Because this is graduation season, I’d like to acknowledge NBSPRN’s meaningful engagement with my students. I lecture at UNB’s Faculty of Leadership Studies, Renaissance College. NBSPRN has brought social and economic development conversations into our classroom, and we have also had the opportunity to attend, as a class, various events hosted by NBSPRN. Through these events, my students had the opportunity to contribute to debates on local government reform and economic development in highly public forums and engage with thoughtful leaders outside of academia. For my students, these cross-pollination and networking opportunities were invaluable in blending the requisite soft skill for business, the rigor of academia, and the world of research for those pursuing post-graduate degrees.
8) Any last thoughts?
I’m passionate about what I do and could write reams, but let me leave readers with this… Mentors often have a hierarchical position above their mentees. We’re generally more advanced, more seasoned and more connected. It’s called a status differential. Mentees may be focused on the things you’ve accomplished, the titles you hold, the plaques on your wall and the circles you move in. While many of these elements may dovetail into why they see you as a valuable force they can actually cause odd friction.
As a mentor, I talk a little about my family or my hobbies in an effort to be seen as a whole person. Consider being a bit self-deprecating. In other words, do some laughing at yourself. Be brave share a story about a time when you fell flat on your face or best learning moments. We’ve all heard the sayings “to err is human” and “you live you learn.”

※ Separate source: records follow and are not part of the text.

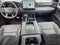 2025 Toyota Tundra Hybrid TRD Pro
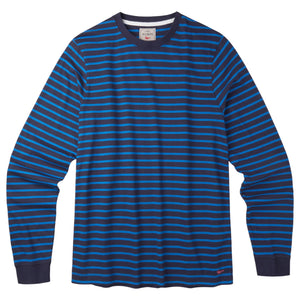 Ferriby Long Sleeve T-Shirt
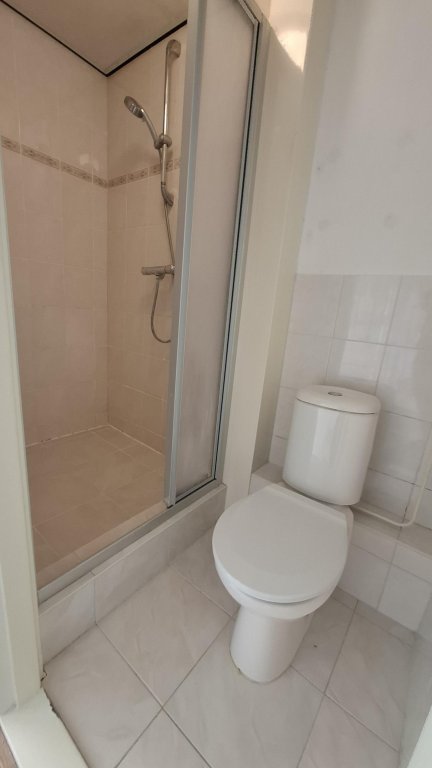 Foto 7 van Noordendijk 609 in Dordrecht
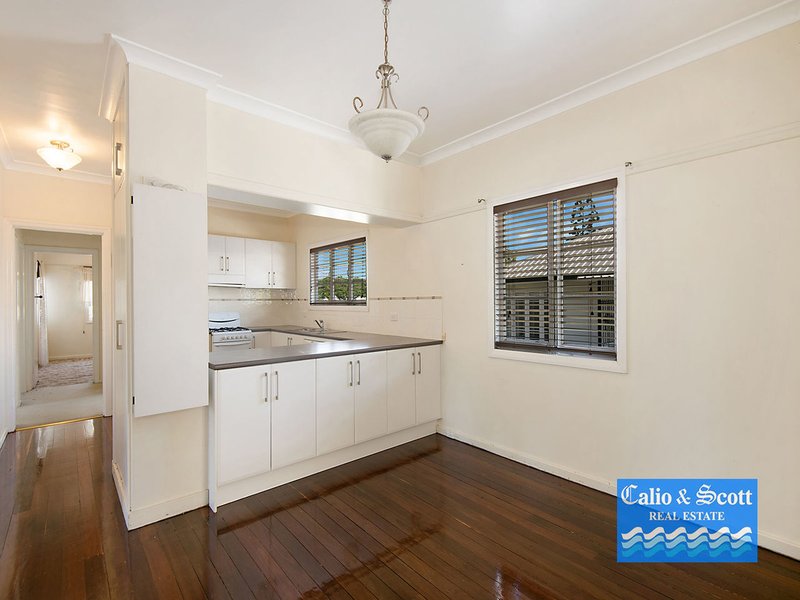 Photo - 36 Paul Street, Brighton QLD 4017 - Image 4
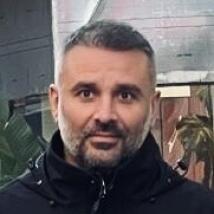 Hakan1802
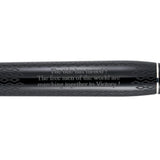 Stylo coquelicot du 80e anniversaire du Jour J Stylo coquelicot du 80e anniversaire du Jour J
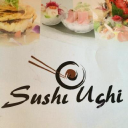 Sushi Ushi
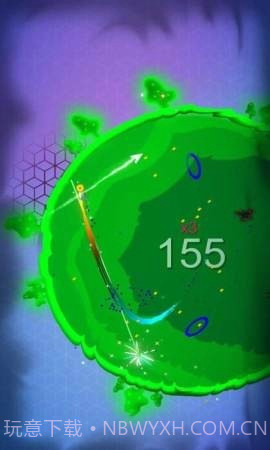 把它们围起来截图2 把它们围起来截图2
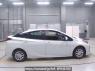 Used 2021 AT toyota prius ZVW55 Image[2]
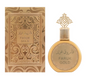 Secret Plus Faruk Gold 100ml Perfume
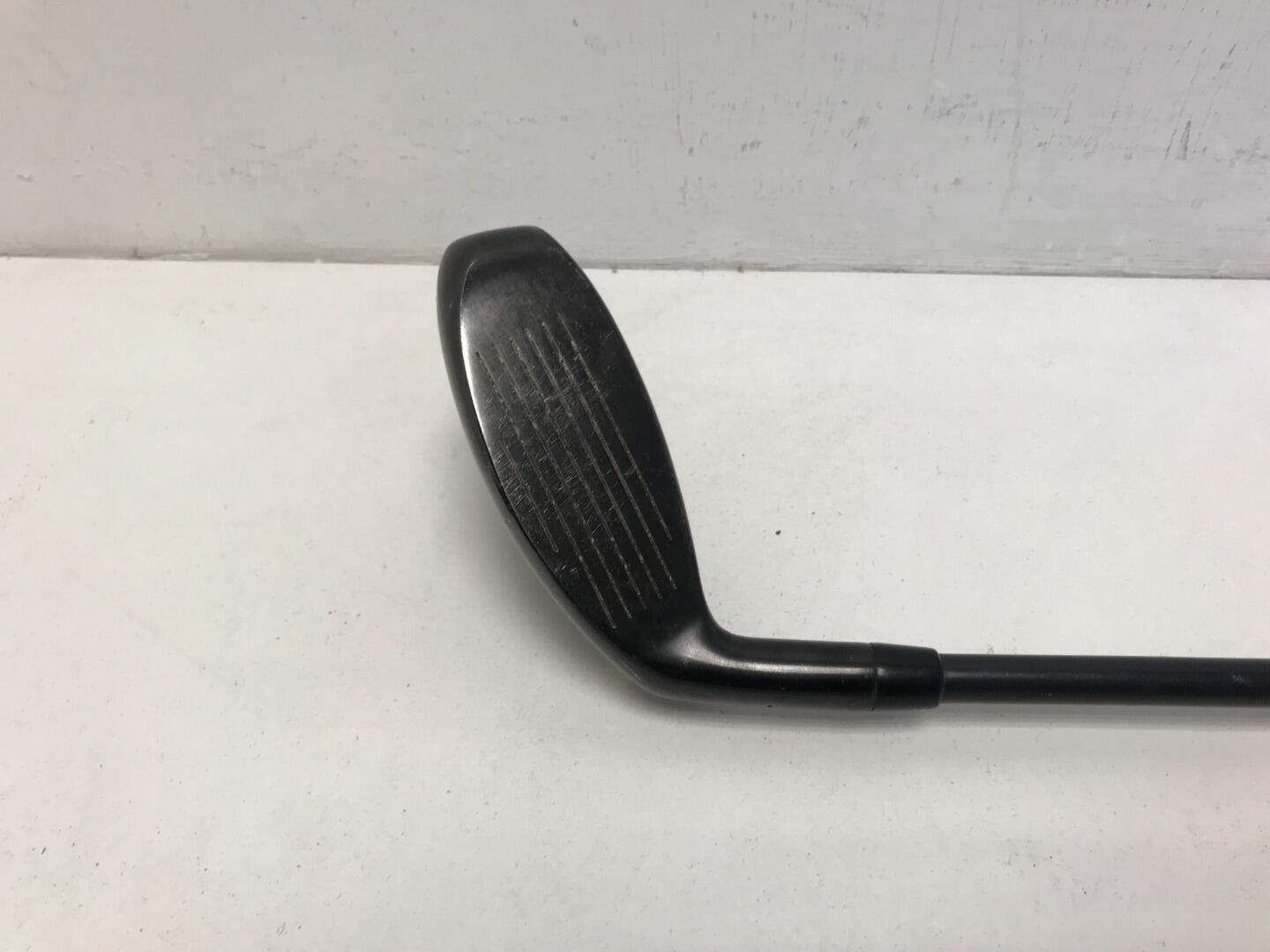 Callaway XR 4 Hybrid Golf Club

To me good mentors know that in owning your mistakes you also get to own the learning, the progress, and the story. They also know that mistakes aren’t shameful things. Mentees have goals and ambitions if they’re challenging enough then setbacks are inevitable.
I often share a bit about my journey. Many of my mentees find it amusing to know that because I grew up on a farm, I knew which pitchfork to use before I knew which table fork to use. They really sit up and listen when I tell them how many attempts I made at university. By the time I get to some of my other failures and my challenges with learning disabilities their elbows are on the table, their eyes have a lock on me, and their mouth’s agape.
As this happens — this relationship building — they will see you as being a whole, complete person not just an experienced person with a good title. This approach makes them see you. It allows them to know you. Most importantly, it makes them hear you.